New members must now qualify for SFC prior to being inducted into SCNZ and then ensure they maintain the required standards.

“Since the SFC scheme was launched 23 out of 90 fabricator members have applied. Although this may appear to be a small number, it includes the big hitters in the industry, ensuring around 75 percent of the local industry output is now meeting international best practice. This already represents great value to end users in terms of quality assurance.”

Queenstown Engineering, Southern Cross Engineering and Steelworks NZ are the latest group of structural steel fabricators to achieve SFC certification. Representatives of SCNZ and HERA together with the Mayor of Hastings, Lawrence Yule presented their certificates at the AGM.

The additional 60-plus SCNZ members still to be certified have four years to meet the new requirement. This time-frame will allow sufficient time for the certification, a process that involves an initial audit followed by annual reviews.

Alistair says the busy construction sector has made it a challenge for some companies to begin the certification process, although with the new mandate all have indicated they are committed to putting aside time and resources to complete it.

“The last 12 to 18 months have been busy with the sector operating above peak levels which were last experienced in 2007 before the Global Financial Crisis. It makes the implementation of the SFC scheme a challenge but the will is there and our members are certainly behind doing it.”

Bob Hawley, SCNZ Chair and General Manager of Red Steel, says: “Our fabricator members have shown overwhelming support for the SFC scheme and to raising industry standards. We are committed to providing compliant product of the highest quality for building and infrastructure projects up and down the country.

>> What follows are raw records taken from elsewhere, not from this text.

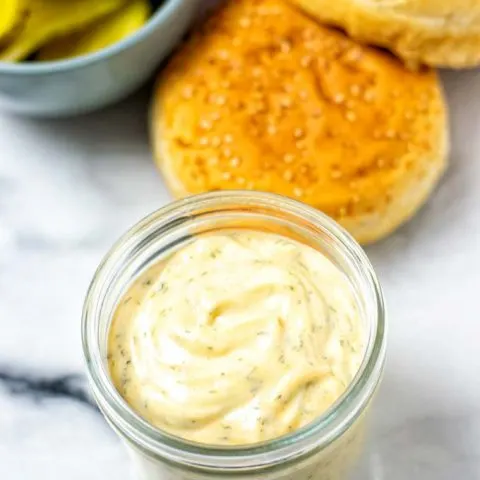 Ready Burger Sauce in the a small glass jar, with burger ingredients in the background.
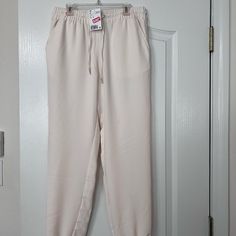 New Jogger Slacks From H&M Trendy H&m Spring Pants, H&m White Wide Leg Pants, H&m Tapered Leg Bottoms For Spring, H&m Tapered Leg Spring Bottoms, H&m White Casual Pants, H&m Casual White Pants, Casual White H&m Pants, Casual H&m Loungewear Pants, H&m Casual Loungewear Pants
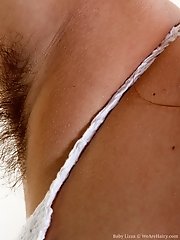 Baby Lizza strips naked and plays naked on bed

Hawkins Construction Auckland Regional Manager Terry Buchan says: “Compliant product that meets New Zealand standards is of paramount importance to our building and infrastructure projects. As a major customer to the structural steel industry, we applaud SCNZ and its members for taking this positive step to bolster the quality assurance of the fabricated steelwork produced locally. It’s a welcome development that will give us increased confidence in New Zealand fabricated product.”